To do
Repeat the lines beginning at the one with "Garden Parasol with" and running to the end of the material, keeping the first and last of them, exactly as they appear.

Stored data

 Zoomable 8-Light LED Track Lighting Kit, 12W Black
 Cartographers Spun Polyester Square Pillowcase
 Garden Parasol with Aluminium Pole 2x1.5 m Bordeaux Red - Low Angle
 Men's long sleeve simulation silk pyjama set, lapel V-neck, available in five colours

Result for this task
 Garden Parasol with Aluminium Pole 2x1.5 m Bordeaux Red - Low Angle
 Men's long sleeve simulation silk pyjama set, lapel V-neck, available in five colours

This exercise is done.